**REQUIRED ACTION:** Start at the line with "dogs__Pets dog__pets animal" and print every line through the end of the material below. Keep it exact and free of pictures.

(Beginning of MATERIAL FOR THIS TASK)

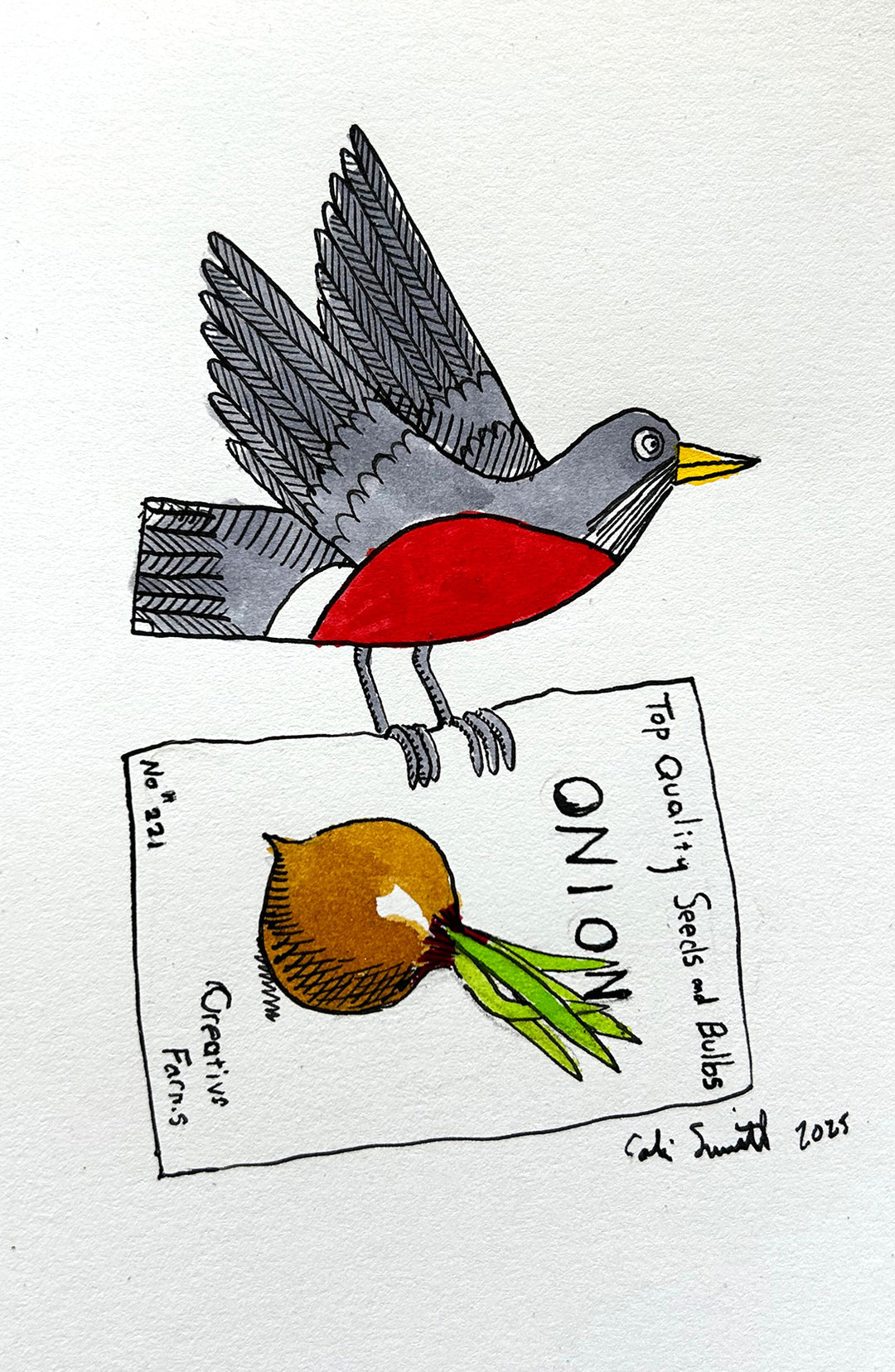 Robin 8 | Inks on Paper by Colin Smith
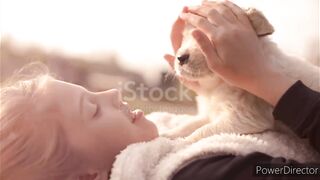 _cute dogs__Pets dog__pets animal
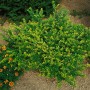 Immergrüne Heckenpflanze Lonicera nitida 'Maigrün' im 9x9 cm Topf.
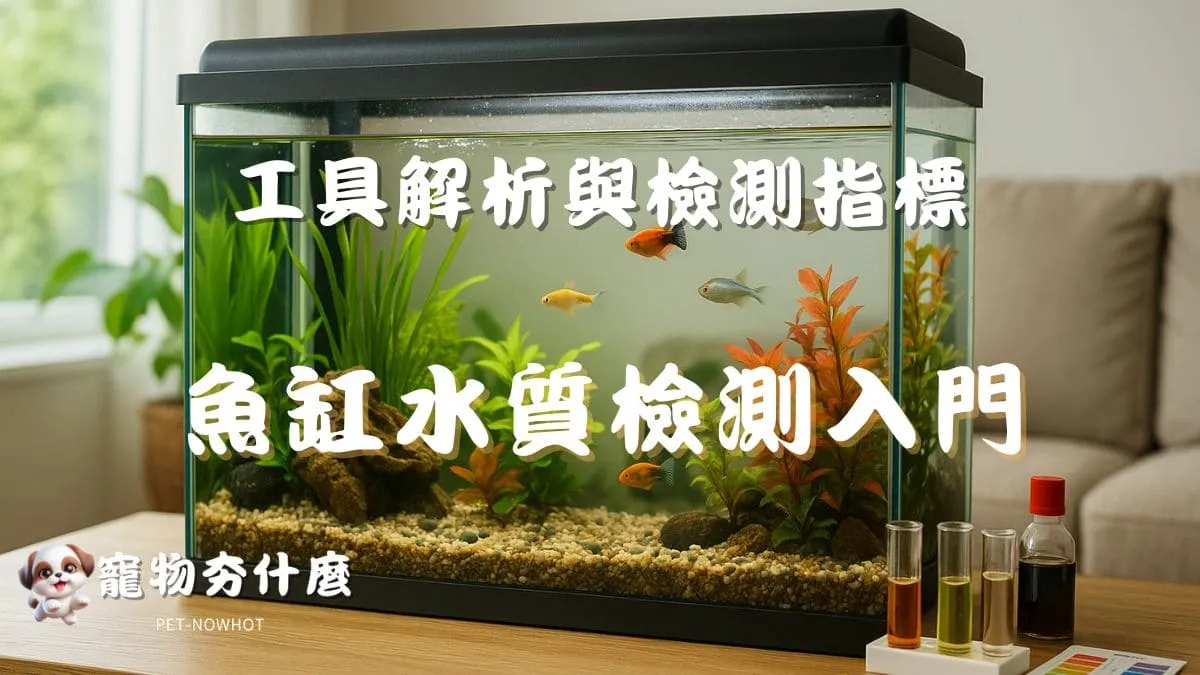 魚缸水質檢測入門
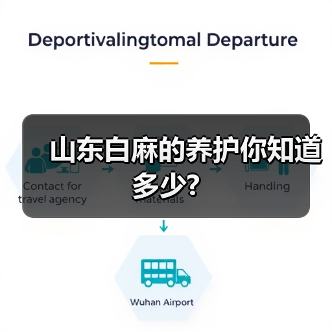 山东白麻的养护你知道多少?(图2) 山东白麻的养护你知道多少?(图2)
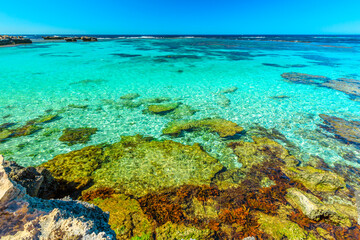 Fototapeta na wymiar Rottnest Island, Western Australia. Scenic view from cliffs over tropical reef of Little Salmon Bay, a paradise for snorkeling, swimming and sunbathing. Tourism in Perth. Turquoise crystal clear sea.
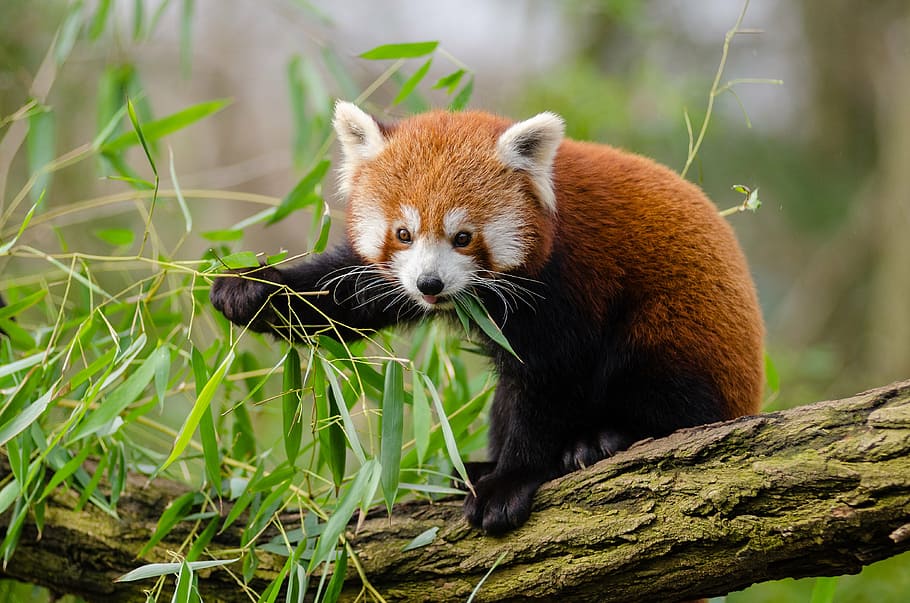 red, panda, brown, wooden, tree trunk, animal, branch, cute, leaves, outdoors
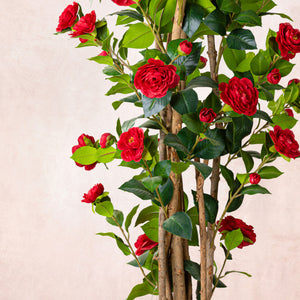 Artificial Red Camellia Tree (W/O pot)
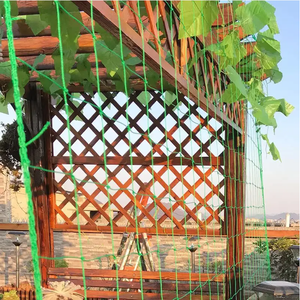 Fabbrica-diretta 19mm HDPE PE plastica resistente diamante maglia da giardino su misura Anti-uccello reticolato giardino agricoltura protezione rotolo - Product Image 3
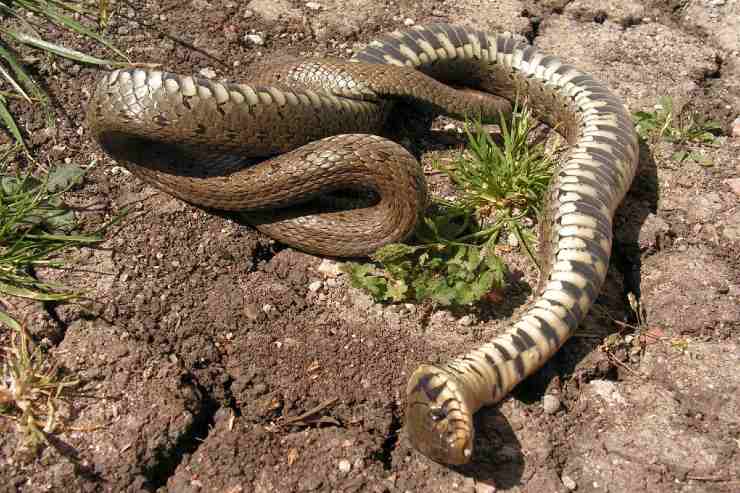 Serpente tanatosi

(End of MATERIAL FOR THIS TASK)

**SOLUTION:**
 _cute dogs__Pets dog__pets animal
 Immergrüne Heckenpflanze Lonicera nitida 'Maigrün' im 9x9 cm Topf.
 魚缸水質檢測入門
 山东白麻的养护你知道多少?(图2) 山东白麻的养护你知道多少?(图2)
 Fototapeta na wymiar Rottnest Island, Western Australia. Scenic view from cliffs over tropical reef of Little Salmon Bay, a paradise for snorkeling, swimming and sunbathing. Tourism in Perth. Turquoise crystal clear sea.
 red, panda, brown, wooden, tree trunk, animal, branch, cute, leaves, outdoors
 Artificial Red Camellia Tree (W/O pot)
 Fabbrica-diretta 19mm HDPE PE plastica resistente diamante maglia da giardino su misura Anti-uccello reticolato giardino agricoltura protezione rotolo - Product Image 3
 Serpente tanatosi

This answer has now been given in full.